To clamp or not to clamp? Delayed cord clamping has been slowly gaining prominence in recent years, with several international organisations such as The World Health Organisation recommending that it should be carried out in all births. Let’s find out more about what the process involves and how it’s beneficial to your newborn.
What is delayed cord clamping?
Delayed cord clamping is a practice where the umbilical cord is clamped and cut one to three minutes after giving birth, instead of immediate cord clamping.
What are the benefits and risks?
A number of recent studies have shown that leaving the umbilical cord intact following delivery may actually have some serious health perks. A full term baby benefits from an extra blood transfer of 90ml to 100ml from the placenta at birth, which will help them to gain higher iron levels to fuel healthy brain development later in infancy. For preterm infants, it’s said to improve circulation, boost red blood cell volume and reduce the need for blood transfusions. And they have a lower risk of life-threatening conditions like necrotising enterocolitis and intraventricular haemorrhage.
However, bear in mind that there’s a higher chance of your newborn developing jaundice from delayed cord clamping, especially for full term babies. Jaundice is a common condition in newborns that occurs when a high level of bilirubin is present in the blood, resulting in yellow discoloration of the baby’s skin and eyes. It can, however, be treated through phototherapy to eliminate the excess bilirubin. Therefore, it’s important to understand the perceived risks involved before going through with an uncomplicated delivery.
When is delayed cord clamping not recommended?
If there are no complications, delayed cord clamping poses little to no risk to both mother and baby. In fact, there’s no evidence to show any increase in postpartum hemorrhage or increased blood loss at delivery. But in unforeseen medical situations where there’s fetal growth restriction from abnormal or reduced placental blood perfusion, this procedure should not proceed at all costs.
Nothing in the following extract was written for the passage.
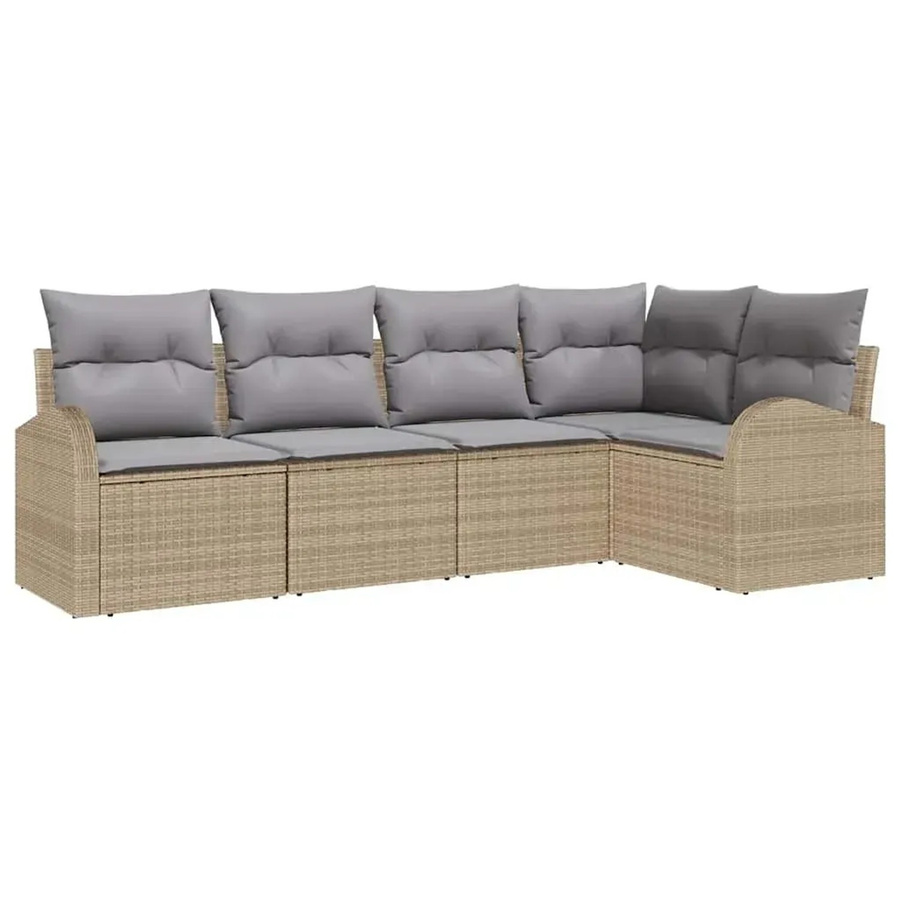vidaXL Garten-Sofa-Set aus Polyrattan in Beige, 5-teilige L-Form Lounge-Garnitur mit Kissen für Garten, Balkon und Terrasse - Bild 2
Is stem cell collection possible with delayed cord clamping?
Unfortunately, you won’t be able to do both at the same time. Due to the sheer volume of blood that would be transferred to the baby during delayed cord clamping, there wouldn’t be sufficient cord blood to be collected. Thus, it’s up to you to make an informed choice between the two procedures after weighing the benefits of both.
So if you’re thinking of including delayed cord clamping in your birth plan, be sure to discuss it with your obstetrician or gynaecologist before delivery!
Is the initial newborn care allowed?
Definitely. Things such as stimulating the baby, maintaining skin contact and bonding with the baby, can and should be initiated even when delayed cord clamping is taking place.